Show $\mathbb R^2$ is not isomorphic $\mathbb{R}[x]/(x^2)$

Question

I need a simple way to show $\mathbb R^2$ is not isomorphic $\mathbb{R}[x]/(x^2)$. Both are not integral domains, and both are not fields, so I’m not sure how to go about it.

Answer 1

I think that there are several ways to see this.

One way is to look at ideals and for you may recall that given a quotient $A/I$ there is a one to one correspondence between ideals of $A/I$ and ideals of $A$ containing $I$ and furthermore that prime ideals correspond to prime ideals (this is a very standard fact, so I will not reproduce the proof here).

It follows that the ideal $(\bar x)\subset{\Bbb R}[x]/(x^2)$ is the only prime ideal in that quotient since $(x)$ is the only prime ideal containing $(x^2)$ in ${\Bbb R}[x]$.

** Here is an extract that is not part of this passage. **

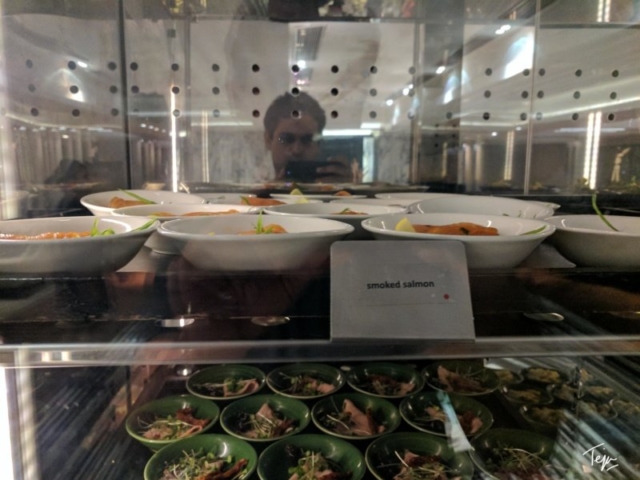 HyattRegencyDEL-34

On the other hand ${\Bbb R}\times{\Bbb R}$ has (at least) two prime ideals, namely $P_1={\Bbb R}\times(0)$ and $P_2=(0)\times{\Bbb R}$.

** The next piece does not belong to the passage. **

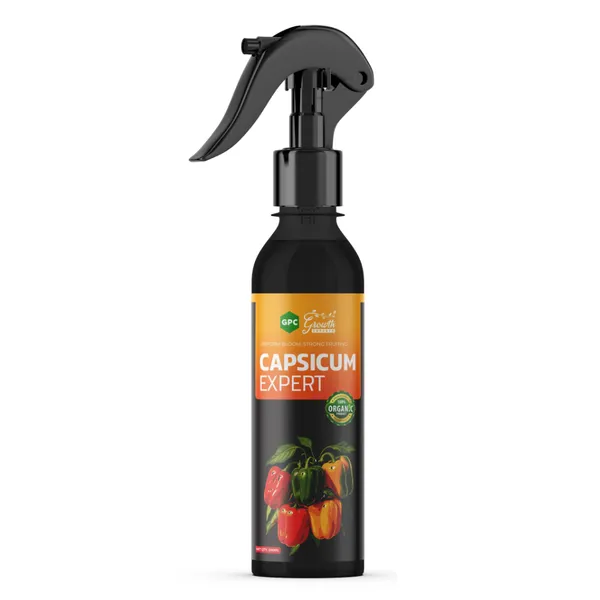 Eco_Friendly_Capsicum_Expert_Crops_And_Plants_Liquid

Thus the two rings cannot be isomorphic.

Answer 2

The ring $\mathbb{R} \times \mathbb{R}$ has 4 ideals, namely $0$, $\mathbb{R} \times 0$, $0 \times \mathbb{R}$, and $\mathbb{R} \times \mathbb{R}$. In contrast, the ring $\mathbb{R}[x]/(x^2)$ has only 3 ideals, namely $0$, $(x)$, and $\mathbb{R}[x]/(x^2)$. Hence, they could not be isomorphic.

Answer 3

Everything you want to know about $\mathbb{R}^2$ can be understood through understanding the two elements $e_1 = (1, 0)$ and $e_2 = (0, 1)$. So let's look at their properties. Both satisfy $e_i^2 = e_i$ and together they satisfy $e_1e_2 = 0$.

One approach would be to show that no elements $a, b$, with $a^2 =a, b^2 = b, ab = 0$ can exist in $\mathbb{R}[x]/(x^2)$.

Answer 4

One possibility (among many others) is to combine the following observations:

(1) $\epsilon = x + (x^2) \in \mathbb{R}[x]/(x^2)$ satisfies $\epsilon^2 = 0$.

(2) any isomorphism must map nonzero nilpotent elements to nonzero nilpotent elements

(3) $\mathbb{R}^2$ does not have any nonzero nilpotent elements.